Ariane fronça les sourcils en une moue désapprobatrice. 

– Tu penses encore à cette histoire de concours ? Honnêtement Olympe, je ne suis vraiment pas sûre que ce soit une bonne idée d’y participer. Tu ne joues du piano que depuis cinq ans, alors que beaucoup ont débuté à l’école primaire. Tu seras confrontée à des concurrents bien plus expérimentés qui composent depuis des années, tandis que tu t’es mise à la composition il y a moins d’un an. Tu devras travailler dur pour rattraper ton retard, sans réelle chance de gagner. Après, tu fais ce que tu veux, ajouta-t-elle en haussant les épaules. Mais je pense que ce serait plus une perte de temps qu’autre chose.

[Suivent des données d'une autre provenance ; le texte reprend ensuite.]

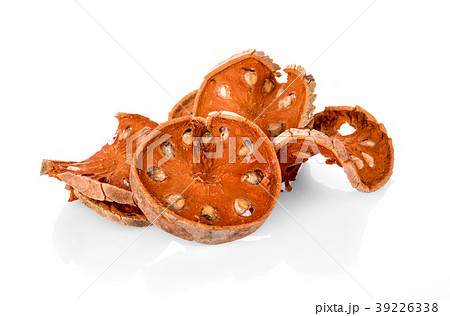 slices baels  fruit dry on white background 39226338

Tu devrais continuer à composer juste pour le plaisir, sans pression, et dans quelques années tu participeras à d’autres concours en étant certaine d’avoir un espoir de les remporter. 

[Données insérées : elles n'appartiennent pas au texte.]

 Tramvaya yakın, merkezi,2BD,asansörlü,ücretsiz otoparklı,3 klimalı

Le sourire d’Olympe retomba aussitôt. Bien sûr, Ariane avait raison. Il existait quantité de musiciens bien plus talentueux qu’elle, et bien plus dignes de remporter ce concours. Au fond, elle savait déjà qu’elle ne se présenterait pas au concours : Ariane venait simplement de confirmer les certitudes qu’elle ne s’était pas franchement avouées. Quelques rues plus loin, son amie bifurqua pour rentrer chez elle, tandis qu’elle-même continuait sa route. 

Une fine brise se leva, faisant voleter les cheveux d’Olympe, gagnant en intensité de seconde en seconde. La jeune fille ne s’en soucia guère, jusqu’à ce que son foulard s’envole à cause de la force du courant d’air. Après l’avoir rattrapé in extremis, Olympe s’arrêta net : les rafales de vent étaient désormais d’une violence inédite, pourtant personne dans la rue ne semblait sans soucier. Pire, personne ne paraissait les voir ni les sentir… 

La jeune fille s’aperçut avec stupéfaction que les bourrasques se resserraient autour d’elle, l’emprisonnant bientôt dans un tourbillon d’air et de poussière. Le vent sifflait violemment dans ses oreilles, ses cheveux lui fouettaient le visage et ses yeux peinaient à rester ouverts face à la tempête qui agressait ses pupilles. Qu’est-ce qu’il m’arrive ? Incapable de penser à quoi que ce soit d’autre, cette unique question tournait en boucle dans son esprit, tandis que la rue s’effaçait progressivement autour d’elle. Olympe sentit vaguement ses pieds quitter le sol, emportée par le tourbillon sans pouvoir opposer la moindre résistance. Les rafales de vent redoublèrent d’intensité, la trimballant dans les airs comme une vulgaire poupée de chiffon. Elle aurait été bien incapable de reconnaître sa droite de sa gauche, ou de distinguer le haut du bas : son esprit nageait dans la plus totale confusion. Elle renonça à tenter de garder les yeux ouverts, même en protégeant son visage de ses bras, et s’abandonna à la force surnaturelle dont elle était prisonnière.